I poach my pears in a simple syrup flavored with orange zest and vanilla bean. The fragrance is simply incredible and will fill your house with the smell of the holidays. The buttery crust is reminiscent of pie dough meets a crisp cookie, and the smooth custard holds it all together. Topped with a shower of toasted almonds and a sprinkle of sugar for crunch, this is a definite every year on my Thanksgiving table.
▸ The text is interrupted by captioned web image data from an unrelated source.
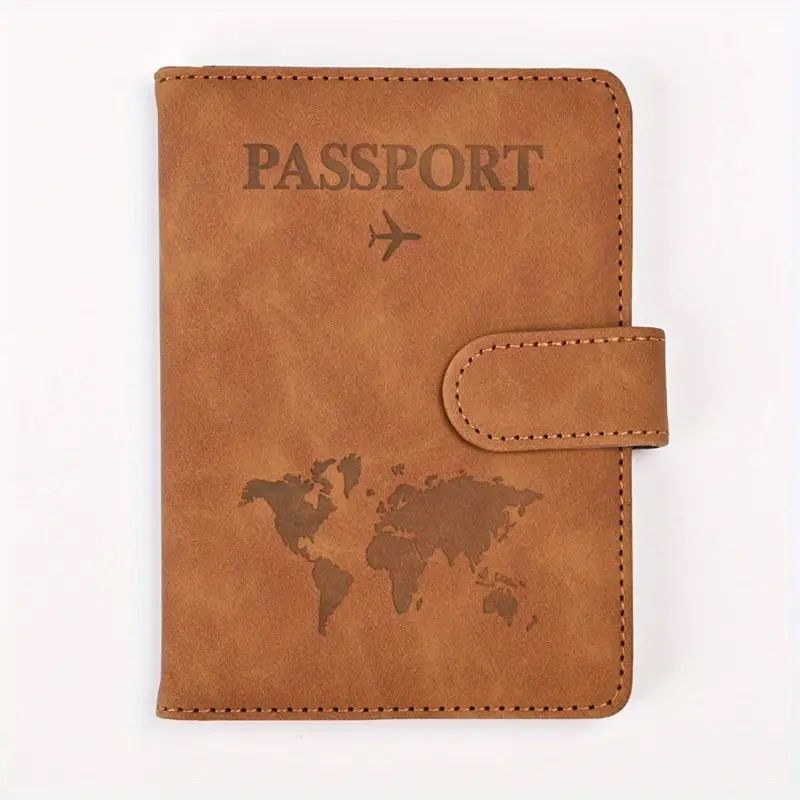 Sonstige Kleidung & Accessoires: Reisepass hülle – Neu und originalverpackt aus Winterthur von danyar_1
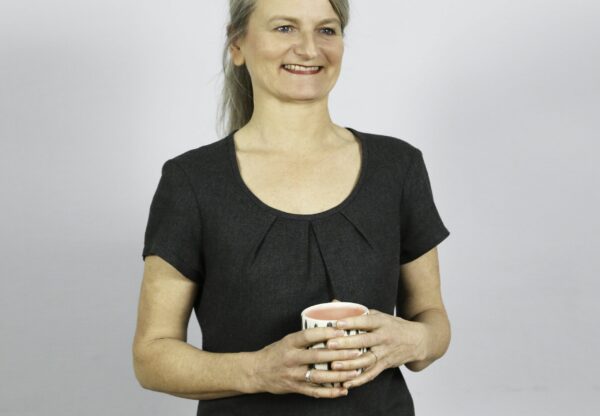 Schnittmuster // Studio Schnittreif // Frau Ameland – Bild 4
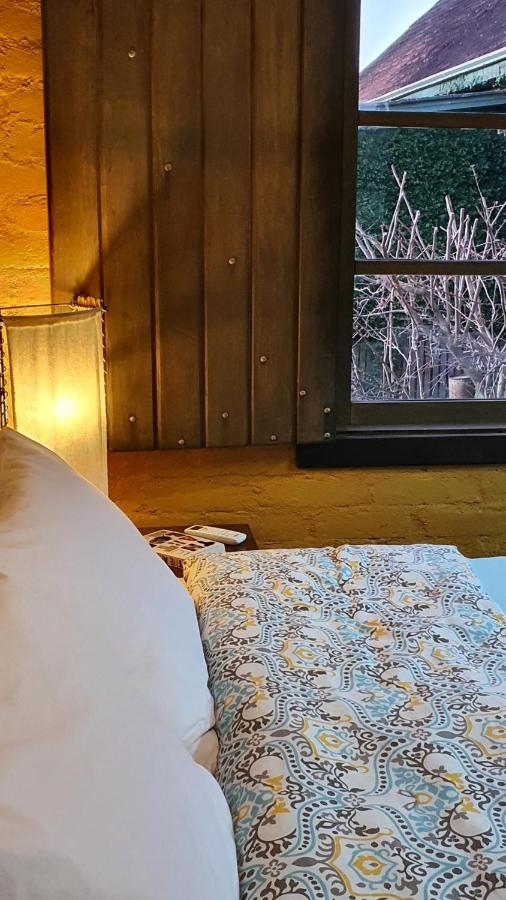 Loft No Campo Proximo Ao Vale Dos Vinhedos Villa Garibaldi Exteriör bild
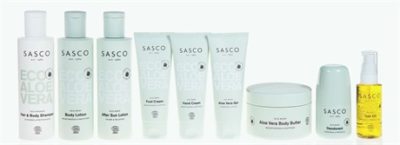 Sasco
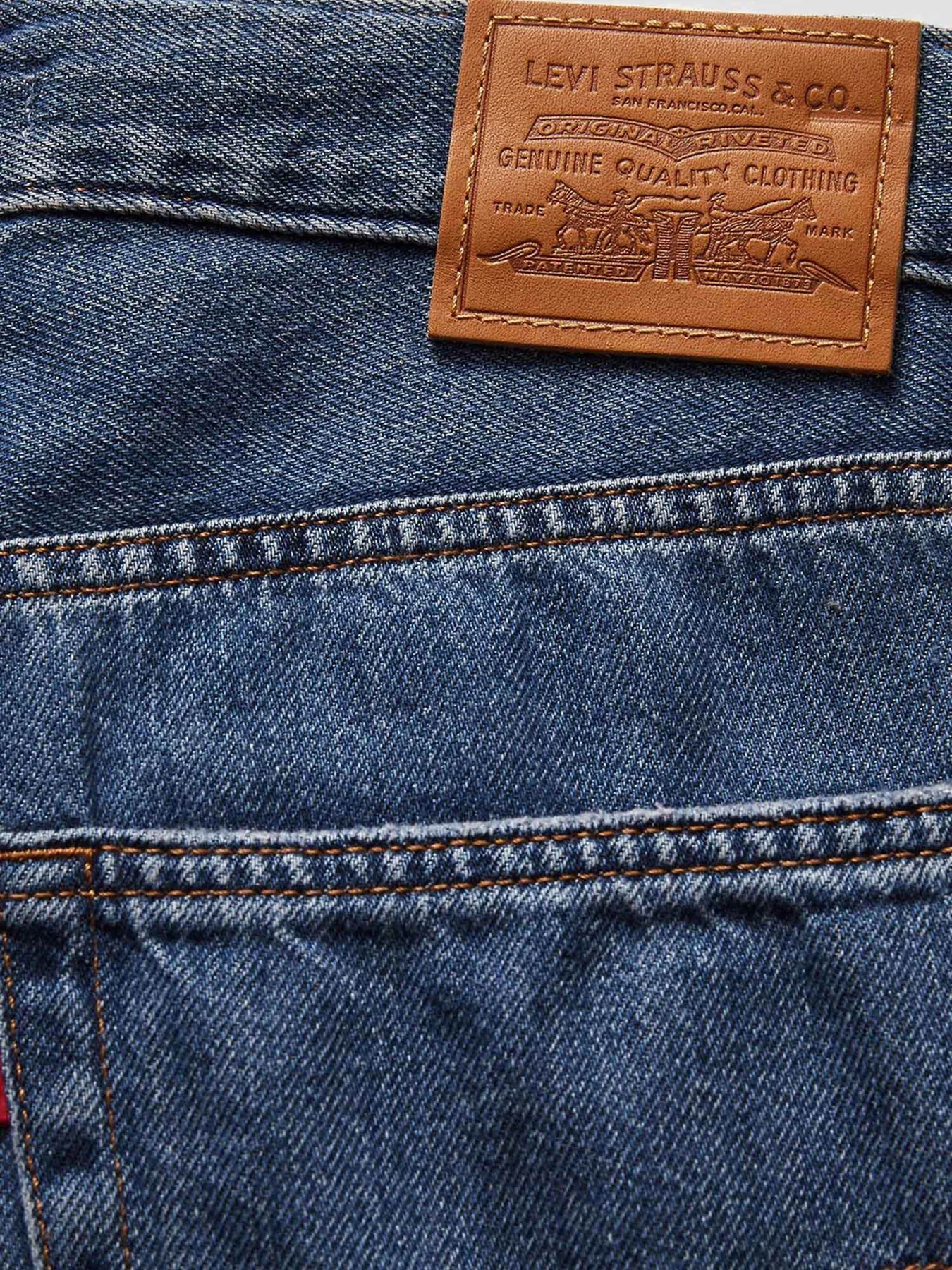 Джинси Levi's модель A3494;0032 Фото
Recipe: Pear Almond Custard Tart
- 1 large egg yolk
- 2 Tbsp milk
- 1/2 tsp vanilla extract
- 1 1/4 cups all-purpose flour
- 1/4 tsp kosher salt
- 1/3 cup confectioners’ sugar, sifted
- 1/2 cup cold unsalted butter, cut into small pieces
For the tart dough:
For the poached pears:
- 1/2 cup sugar
- 3 ripe but firm pears, preferably Bartlett, peeled, quartered, and cored
- Zest of 1 orange, removed with a vegetable peeler
- 1/2 vanilla bean, split and seeds scraped
For the filling:
- 1 large egg
- 1/4 cup sugar plus 2 tbsp
- 3 tbsp all-purpose flour
- 1/2 cup heavy cream
- 1 1/2 tsp vanilla extract
- 1/4 tsp kosher salt
- 1/3 cup sliced almonds, lightly toasted
- To make the tart dough, in a bowl, whisk together the egg yolk, milk, and vanilla extract. In a food processor, combine the flour, salt, and confectioners’ sugar. Scatter the butter over the top and pulse until the butter is broken up into pieces about the size of small peas. Pour the egg mixture over the flour mixture, then process until the mixture comes together. Dump the dough into a large ziploc bag and press together into a flat disk. Refrigerate for at least 30 minutes and up to 1 day before using, or freeze for up to 1 month.